Posts Tagged ‘G.K. Chesterton’

To be sure an accurate view of our human nature is important because the Gospel is important. As J. I. Packer wrote “it is only as we acknowledge the tragedy and feel the misery of our personal ruination through original sin that we shall properly value the Good News of the Savior.” And, G. K. Chesterton noted in his Orthodoxy that original sin is the only philosophy that can be empirically verified. Just pick up the daily newspapers, says Chesterton! I’m repeatedly amazed that from the earliest age children need no training in selfishness or pride or discontent or rebellion. Every human comes fully stocked with these “qualities;” they are not accessories. Every parent labors to reverse these traits in our children while working ourselves to learn what it means to be compassionate, humble, content, and obedient.
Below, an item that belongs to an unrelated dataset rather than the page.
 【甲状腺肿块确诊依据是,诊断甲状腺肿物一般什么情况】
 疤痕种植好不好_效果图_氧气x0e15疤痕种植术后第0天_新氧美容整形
The doctrine of peccatum originale (original sin) rightly assumes that the entire human race is an organic unity. We find that our origin or source is from the same common stock, namely the first human, Adam. Just as C. S. Lewis once pointed out that “like begets like,” so too Paul says “sin entered the world through one man, and death through sin, and in this way death came to all men, because all sinned” (Romans 5:12). It is not insignificant that “all” stands first in the clause of Paul’s declaration “death came to all men.” Moreover, although Adam’s sin was in the past, Paul insists that “all sinned.” The context is not so much referring to individual activity (though this is implicit), but to corporate responsibility as conferred on us by the first human who sinned.

Thus, we inherit far more than just the biological nature of our parentage; we inherit their spiritual nature as well. There is a solidarity to the human race such that the original humans stand as the moral, physical, social, intellectual, psychological, and spiritual representatives of all people everywhere and at all times (Acts 17:26a). Just as our genetic makeup or biological DNA is derived from our parentage, so too is our spiritual makeup or spiritual DNA. (The concept of “generational sin” unlikely applies to believers. See my essay “Not My Father’s Keeper or What’s All the Fuss about Generational Sin?”.)

But there’s more. Rom. 5:18-19 claims: “the result of one trespass was condemnation for all [because] through the disobedience of the one man the many were made sinners.” As the representative for all humanity, God counted everyone born of and from Adam morally guilty. In some sense peccatum originale could be viewed as culpa originale (original guilt, not original sin). You see it is not only true all have sinned actually (Rom. 3:23), but it is equally true that all have sinned originally in Adam.

Consequently, God judges all on the basis of one man’s sin because all are conceived with a natural inclination to do only what is contrary to God (Rom. 8:5-9; 1 Cor. 15:21-22; Gal. 5:16-17). Indeed, we have no other choice but to live predominantly from our sinful bent. The Bible calls this slavery to sin (Rom. 6:6, 16-17, 19; 7:14). Though it may not appear fair that God would judge all on the basis of one man’s sin, it is the disposition of Adam’s guilt rather than his sin per se that is inherited – just as Christ assumed our guilty status instead of our particular sinful acts (Is. 53:6; 2 Cor. 5:14, 21; 1 Pt. 2:24; 3:18).

But some may say, “It’s not fair to be represented by someone else’s guilt! Why should I be blamed for what Adam did?” Of course, if we want to play the fairness game, then in the name of fairness it is also unfair that Christ would die in my place and do for me what I should have done for myself. “Fairness” cuts both ways and it’s doubtful that any born from above would appreciate the sword slicing in that direction!